Andrew Lloyd Webber, the English composer behind "Cats," called the 2019 movie version of one of the longest-running Broadway shows "ridiculous."
“The problem with the film was that Tom Hooper decided that he didn’t want anybody involved in it who was involved in the original show,” Lloyd Webber said of the movie's director in a recent interview with The Sunday Times. “The whole thing was ridiculous.”
Critics reviled "Cats" even before its official release last December; the movie's trailer alone was subject to jokes and was called "creepy and weird." Lloyd Webber, who adapted T.S. Eliot's poetry collection "Old Possum's Book of Practical Cats" into a musical in 1981, has previous criticized James Corden's performance in the movie, calling it "absolutely un-Eliot." Corden, who played the alley cat Bustopher Jones in "Cats," told BBC Radio 2 that he hadn't watched the film, but "heard it was terrible."
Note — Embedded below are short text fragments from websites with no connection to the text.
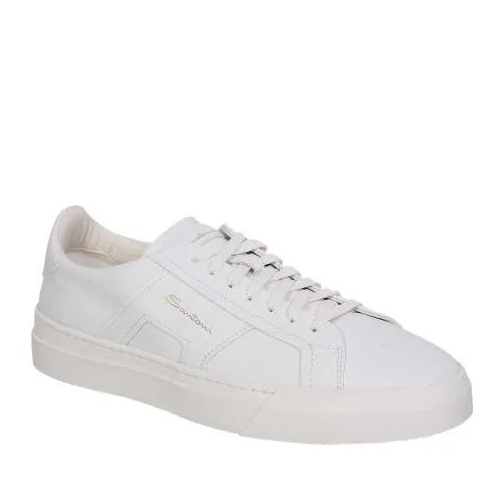 Santoni Low-Top Sneaker White Panelled Design Sneakers Neutrals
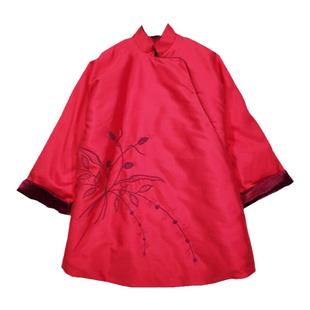 百年系列 夏姿风古典丝绒相拼新中式绣花旗袍棉袄中长款上衣外套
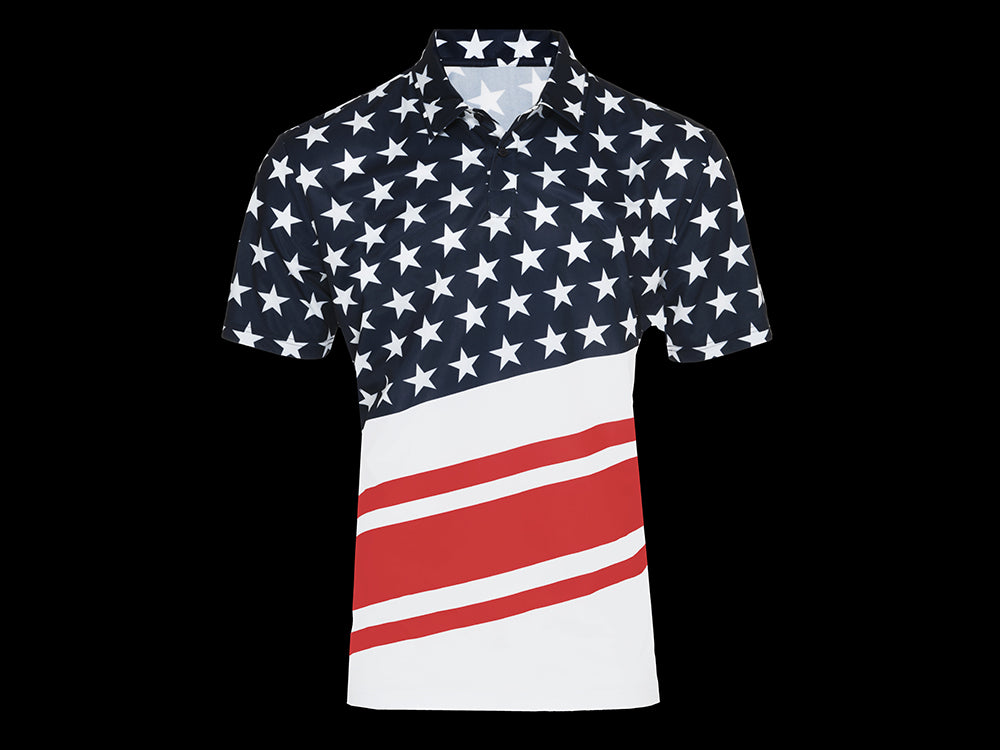BombTech Golf American Flag Polo Shirt
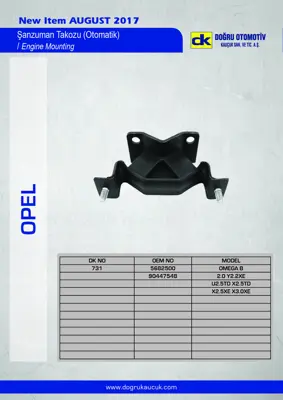 DK 0731 Motor Takozu Arka 5682500 90447548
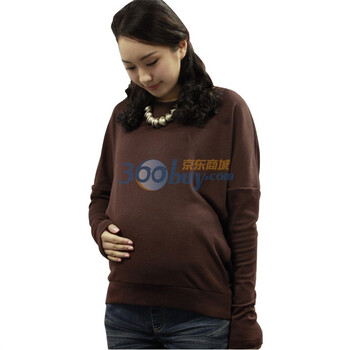 莱薇妈咪2012新款孕妇装 春装韩版圆领中长袖蝙蝠衫T恤96588 咖啡色 L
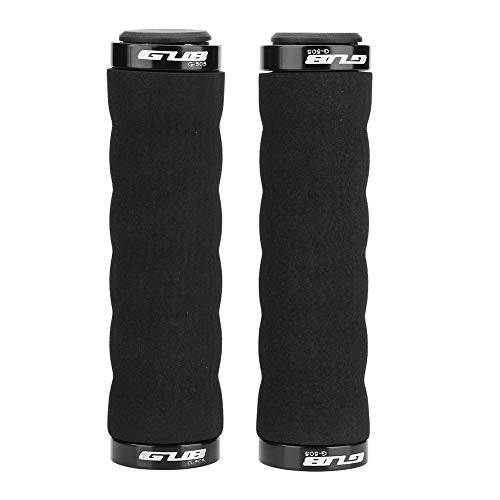 Fiets handgrepen, zachte schuimgrips, anti-slip sponge, afsluitbaar ontwerp voor mountainbike, roadbike, fietsen (zwart)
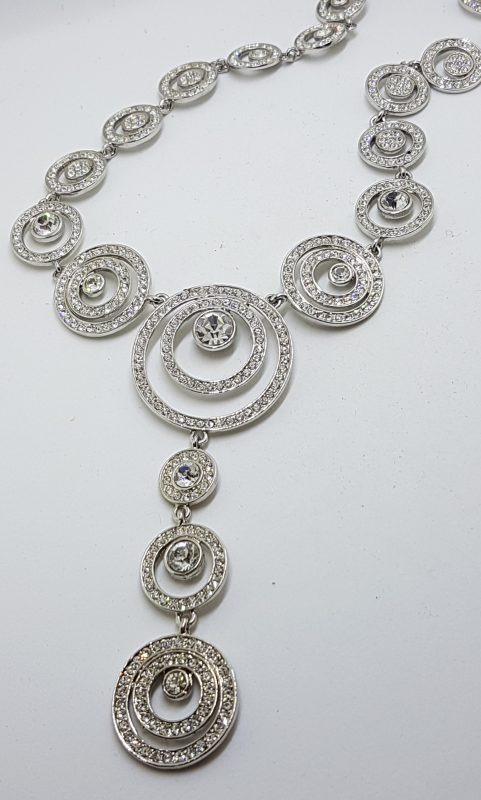 Silver Plated Swarovski Crystal Drop Large Necklace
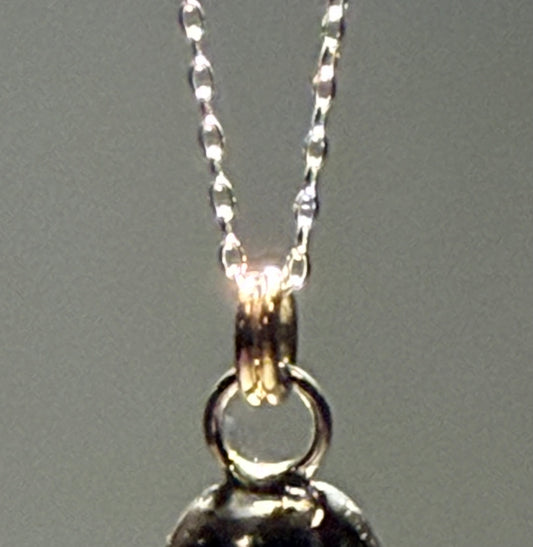 Silver Molten Pebble with Gold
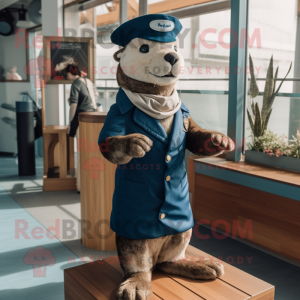Navy Otter mascot costume character dressed with a Chinos and Berets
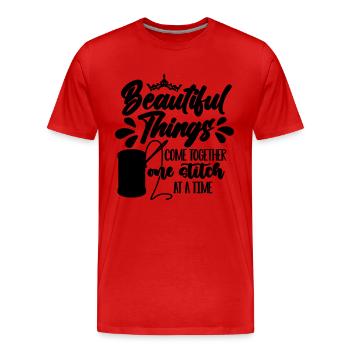 Beautiful Things Come Stitching Cross Stitch Lover - Men's Premium Organic T-Shirt - red - Front - Damien (186cm)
Corden wasn't the only one who never made it to theaters to see "Cats." The movie was a box office flop and lost Universal Pictures an estimated $113 million, according to Deadline — despite the fact that the company found success in producing other musicals, like "Mamma Mia!" and "Les Misérables" and that "Cats" had an all-star cast, including Taylor Swift, Judi Dench, Idris Elba, Jennifer Hudson, Rebel Wilson and Corden. Universal Pictures did not immediately return request for comment on the reported amount of its loss. Hopper also directed "Les Misérables," which placed first at the box office the weekend it opened in 2012.
Universal Pictures is a unit of NBCUniversal, the parent company of NBC News.
Lloyd Webber also discussed the changing landscape of theater during the pandemic, which is preventing live performances from taking place. His latest project, a "Cinderella" musical, was supposed to premiere in August at the Gillian Lynne Theatre in London, but has now been postponed to April 2021.
“The big issue now is, do I push the button? We moved it back to next year, but we still don’t know if we’re going to be able to open then," Lloyd Webber told The Sunday Times. "Do we start building sets? We’re having to say to the actors, ‘Look, we love you, but it’s a case of us all crossing our fingers here.’ We simply don’t know.”